Prostate cancer is the sixth most common cancer in the world and the second leading cause of cancer death in American men. Almost a quarter of a million new cases are diagnosed annually and the lifetime risk for a man to develop prostate cancer is one in six. It is a well known phenomenon that cholesterol and fatty deposits accumulate in solid tumors such as prostate cancer. Furthermore, very advanced cancer such as metastatic disease can lower circulating cholesterol levels. There is growing evidence that a link between high cholesterol and prostate cancer exists and that cholesterol may promote the growth of tumors.

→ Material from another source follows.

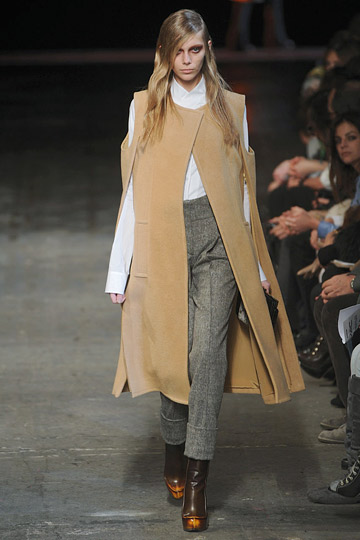 Alexander Wang 10秋冬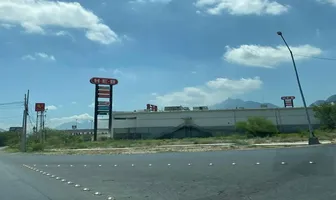 Foto de inmueble en Carretera Monterrey - Saltillo #S/N, Col. Cumbres de Santa Catarina 1 Sec C.P. 66358, Santa Catarina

Most of the evidence linking high cholesterol and prostate cancer has been based on observational studies. Recent studies suggest that not only does high cholesterol seem to increase the risk of developing prostate cancer but that high cholesterol may make existing prostate cancer more aggressive. One simple hypothesis to explain this link is that high cholesterol promotes the production of androgens, hormones that promote the growth of prostate cancer. Other more complicated explanations involve cholesterol within prostate cancer cells directly affecting cancer cells thereby stimulating their growth.
Given the above observations, a 2007 study was published that explored the causes of the falling death rates from prostate cancer. One interesting observation that was reported was that men who had higher levels of cholesterol tended to have lower prostate cancer death rates. No, that’s not a typo even though it seems to be the exact opposite of what I just wrote in the previous paragraph. The authors of this study believe that men with higher cholesterol levels had lower prostate cancer death rates because they were taking statins.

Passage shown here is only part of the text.